A hardness test performed on a Rockwell hardness testing machine. Hardness is determined by a dial reading which indicates the depth of penetration of a steel ball for softer steels and a diamond cone for heat treated and harder steels when a load is applied.
In this test a standard constant load, usually 500 to 3,000 kg, is applied to a smooth flat metal surface by a hardened steel-ball type indenter, 10 mm in diameter. The 500-kg load is usually used for testing nonferrous metals such as copper and aluminum alloys, whereas the 3,000-kg load is most often used for testing harder metals such as steels and cast irons. The numerical value of Brinell Hardness (HB), is equal to the load, divided by the surface area of the resulting spherical impression.
The Vickers test is often easier to use than other hardness tests since the required calculations are independent of the size of the indenter, and the indenter can be used for all materials irrespective of hardness. The basic principle, as with all common measures of hardness, is to observe the questioned materials' ability to resist plastic deformation from a standard source. The Vickers test can be used for all metals and has one of the widest scales among hardness tests.
The Vickers hardness test method consists of indenting the test material with a diamond indenter, in the form of a right pyramid with a square base and an angle of 136 degrees between opposite faces subjected to a load of 1 to 100 kgf. The full load is normally applied for 10 to 15 seconds. The two diagonals of the indentation left in the surface of the material after removal of the load are measured using a microscope and their average calculated. The area of the sloping surface of the indentation is calculated. The Vickers hardness is the quotient obtained by dividing the kgf load by the square mm area of indentation.
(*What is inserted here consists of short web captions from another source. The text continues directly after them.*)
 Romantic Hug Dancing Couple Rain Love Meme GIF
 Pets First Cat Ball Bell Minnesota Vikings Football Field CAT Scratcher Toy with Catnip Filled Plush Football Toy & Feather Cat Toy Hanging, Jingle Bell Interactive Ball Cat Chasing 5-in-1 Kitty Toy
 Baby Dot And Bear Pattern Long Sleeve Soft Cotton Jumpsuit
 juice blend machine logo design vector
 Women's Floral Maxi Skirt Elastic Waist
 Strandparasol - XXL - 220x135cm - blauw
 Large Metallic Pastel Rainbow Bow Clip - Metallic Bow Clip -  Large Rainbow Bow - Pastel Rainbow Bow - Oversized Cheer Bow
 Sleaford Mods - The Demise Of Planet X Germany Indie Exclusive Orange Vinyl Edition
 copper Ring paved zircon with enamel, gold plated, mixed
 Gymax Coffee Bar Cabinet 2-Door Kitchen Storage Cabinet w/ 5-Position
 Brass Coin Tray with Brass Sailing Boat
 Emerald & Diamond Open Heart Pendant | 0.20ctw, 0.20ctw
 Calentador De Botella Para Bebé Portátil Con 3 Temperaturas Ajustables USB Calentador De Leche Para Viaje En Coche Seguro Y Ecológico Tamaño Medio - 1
The term microhardness test usually refers to static indentations made with loads not exceeding 1 kgf. The indenter is either the Vickers diamond pyramid or the Knoop elongated diamond pyramid. The procedure for testing is very similar to that of the standard Vickers hardness test, except that it is done on a microscopic scale with higher precision instruments. The surface being tested generally requires a metallographic finish; the smaller the load used, the higher the surface finish required. Precision microscopes are used to measure the indentations; these usually have a magnification of around X500 and measure to an accuracy of +0.5 micrometres. Also with the same observer differences of +0.2 micrometres can usually be resolved. It should, however, be added that considerable care and experience are necessary to obtain this accuracy
The Charpy impact test, also known as the Charpy v-notch test, is a standardized high strain-rate test which determines the amount of energy absorbed by a material during fracture. This absorbed energy is a measure of a given material's toughness and acts as a tool to study temperature-dependent brittle-ductile transition. It is widely applied in industry, since it is easy to prepare and conduct and results can be obtained quickly and cheaply.
Bending tests are carried out to ensure that a metal has sufficient ductility to stand bending without fracturing. A standard specimen is bent through a specified arc and in the case of strip, the direction of grain flow is noted and whether the bend is with or across the grain.